> EXCERPTED RECORDS
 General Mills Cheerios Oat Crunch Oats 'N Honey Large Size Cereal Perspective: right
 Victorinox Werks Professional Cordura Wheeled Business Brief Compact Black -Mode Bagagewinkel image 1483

--

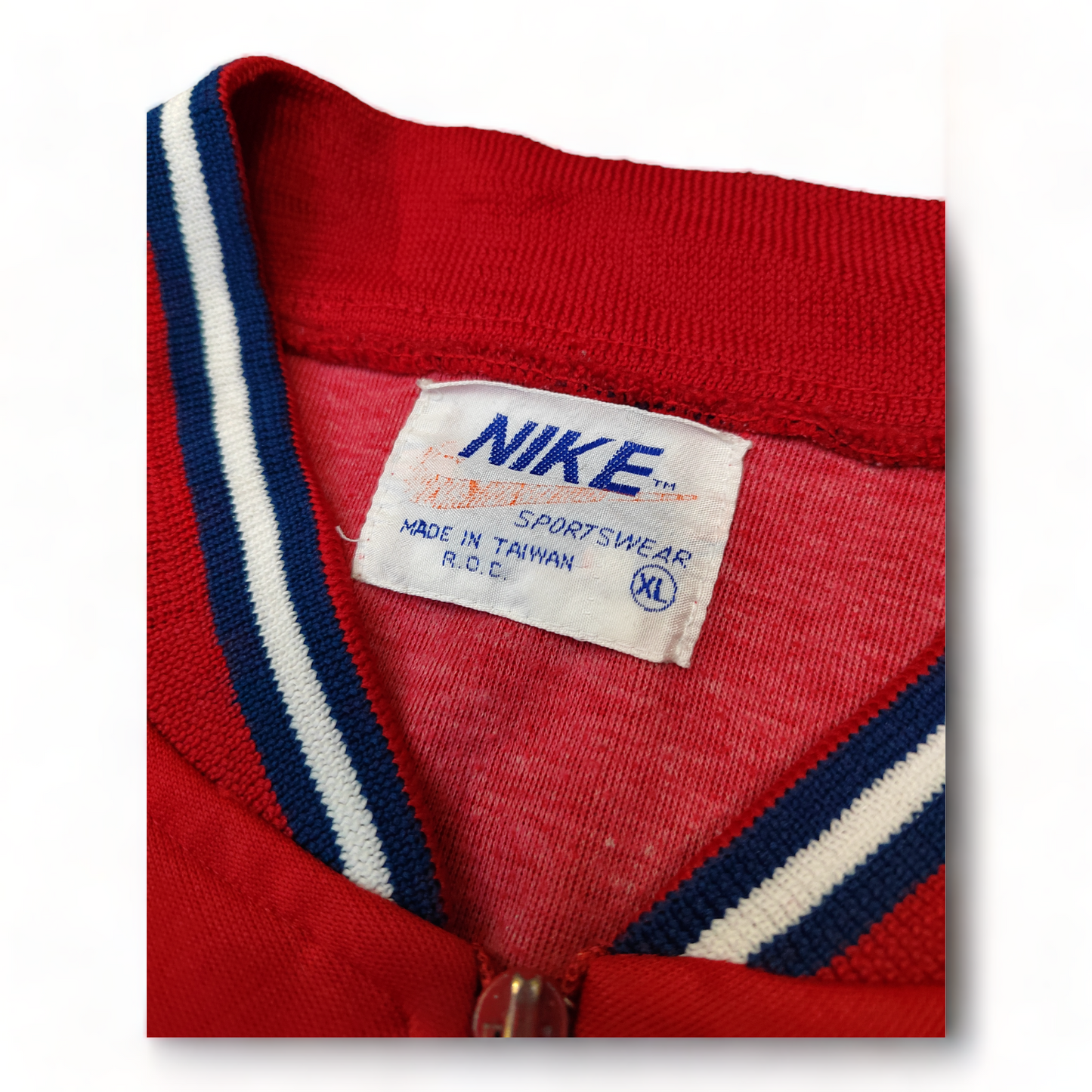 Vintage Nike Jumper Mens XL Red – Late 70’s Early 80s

...

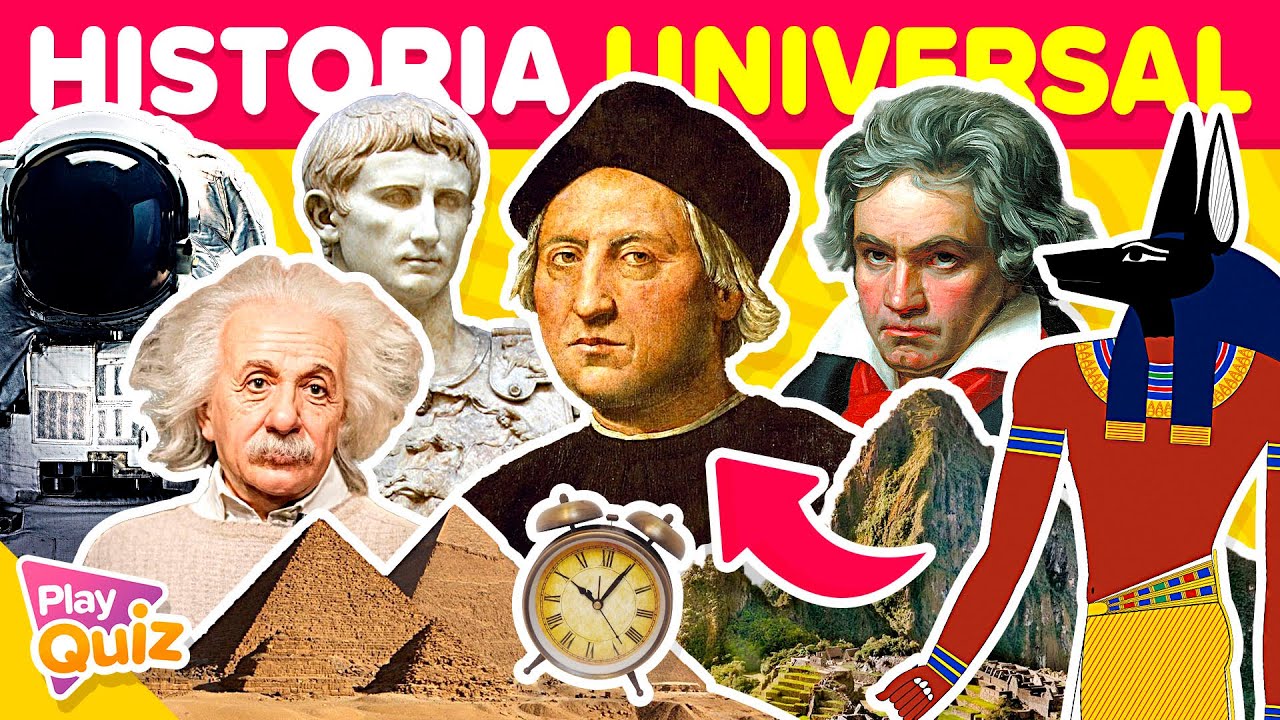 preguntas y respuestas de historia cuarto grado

> TASK DIRECTIONS
Produce a word-for-word copy of everything above from the line holding "General Mills Cheerios" down to the line holding "Victorinox Werks Professional", with both of those lines kept.

> THE COMPLETED TASK
 General Mills Cheerios Oat Crunch Oats 'N Honey Large Size Cereal Perspective: right
 Victorinox Werks Professional Cordura Wheeled Business Brief Compact Black -Mode Bagagewinkel image 1483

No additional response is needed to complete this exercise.